Records drawn from a dataset:
=======

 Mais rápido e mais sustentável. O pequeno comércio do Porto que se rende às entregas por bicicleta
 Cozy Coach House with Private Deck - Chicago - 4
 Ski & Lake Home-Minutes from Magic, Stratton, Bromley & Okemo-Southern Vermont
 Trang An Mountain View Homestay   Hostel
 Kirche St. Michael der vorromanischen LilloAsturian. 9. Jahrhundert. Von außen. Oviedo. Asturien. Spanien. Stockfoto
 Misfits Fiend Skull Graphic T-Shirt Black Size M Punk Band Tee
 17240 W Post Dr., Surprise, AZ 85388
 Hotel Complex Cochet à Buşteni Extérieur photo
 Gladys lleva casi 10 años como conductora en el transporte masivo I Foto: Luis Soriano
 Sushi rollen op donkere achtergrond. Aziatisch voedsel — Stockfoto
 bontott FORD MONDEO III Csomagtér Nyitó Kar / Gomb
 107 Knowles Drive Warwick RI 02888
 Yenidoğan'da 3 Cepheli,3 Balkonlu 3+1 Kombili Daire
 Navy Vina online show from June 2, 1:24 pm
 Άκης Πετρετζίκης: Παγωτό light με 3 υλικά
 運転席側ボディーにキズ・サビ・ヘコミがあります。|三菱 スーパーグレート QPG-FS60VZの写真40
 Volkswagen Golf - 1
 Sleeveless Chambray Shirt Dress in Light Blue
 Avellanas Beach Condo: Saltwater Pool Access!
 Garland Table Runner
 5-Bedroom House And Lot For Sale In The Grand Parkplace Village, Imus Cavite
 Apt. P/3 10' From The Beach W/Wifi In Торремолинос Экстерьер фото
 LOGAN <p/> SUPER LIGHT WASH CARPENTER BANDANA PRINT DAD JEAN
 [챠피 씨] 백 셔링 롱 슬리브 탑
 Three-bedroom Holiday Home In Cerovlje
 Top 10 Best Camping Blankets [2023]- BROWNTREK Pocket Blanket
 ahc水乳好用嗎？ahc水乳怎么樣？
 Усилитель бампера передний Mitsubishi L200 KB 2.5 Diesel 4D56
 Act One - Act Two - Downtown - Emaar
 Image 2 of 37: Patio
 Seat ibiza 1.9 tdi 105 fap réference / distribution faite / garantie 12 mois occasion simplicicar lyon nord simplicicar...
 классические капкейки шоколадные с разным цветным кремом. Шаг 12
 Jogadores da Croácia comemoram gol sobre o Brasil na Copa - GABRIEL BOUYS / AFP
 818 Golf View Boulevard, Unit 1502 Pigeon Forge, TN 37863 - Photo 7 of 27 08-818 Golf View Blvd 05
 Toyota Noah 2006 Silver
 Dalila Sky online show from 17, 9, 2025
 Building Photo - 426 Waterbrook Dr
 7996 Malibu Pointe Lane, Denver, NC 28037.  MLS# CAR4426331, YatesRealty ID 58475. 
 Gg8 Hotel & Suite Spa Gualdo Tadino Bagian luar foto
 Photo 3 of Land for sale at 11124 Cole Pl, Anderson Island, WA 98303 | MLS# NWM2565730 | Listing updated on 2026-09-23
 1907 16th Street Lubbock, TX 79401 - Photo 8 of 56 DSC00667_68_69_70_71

=======

• What is being asked:
Copy out the lines of the data where the string "Golf" occurs.

• Answer section:
 Volkswagen Golf - 1
 818 Golf View Boulevard, Unit 1502 Pigeon Forge, TN 37863 - Photo 7 of 27 08-818 Golf View Blvd 05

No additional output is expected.